Les chiffres sont spectaculaires. En 2005, les Suisses ont dépensé environ 540 millions de francs pour leurs animaux de compagnie, nourriture, accessoires et soins compris, selon la Protection Suisse des animaux (PSA). En 2013, cette somme s’élevait à près de 640 millions de francs, selon le cabinet Euromonitor international.

L’accroissement des dépenses est notamment dû au fait que la population des animaux domestiques augmente en Suisse. Selon les différentes sources, en 2012, en Suisse, les chiens ont dépassé les 526’000 et le nombre de chats frôle 1,5 million.

«Les gens achètent davantage d’animaux domestiques aujourd’hui, confirme Gina Buillet, directrice des enseignes Canicrok à Genève, des magasins d’accessoires et de nourriture pour animaux. Les aînés, dont la population augmente, vivent souvent seuls. Ils prennent donc un animal, pour avoir une compagnie.»

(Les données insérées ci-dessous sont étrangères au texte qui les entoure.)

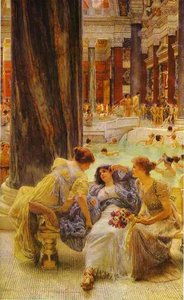 The Baths Of Caracalla — Lourens Alma Tadema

Par ailleurs, les propriétaires bichonnent leurs animaux. Et ce n’est pas un hasard: «D’un point de vue purement biologique, on sait que le simple fait de caresser son chien ou son chat augmente le taux d’ocytocine, l’hormone du bonheur, et diminue le cortisol, celle du stress, tant chez l’homme que chez l’animal, explique Blaise Pierrehumbert, chercheur en psychiatrie au CHUV et spécialiste des relations entre l’homme et l’animal. Afin de faire perdurer cette expérience, les humains préservent ces compagnons du mieux qu’ils peuvent.»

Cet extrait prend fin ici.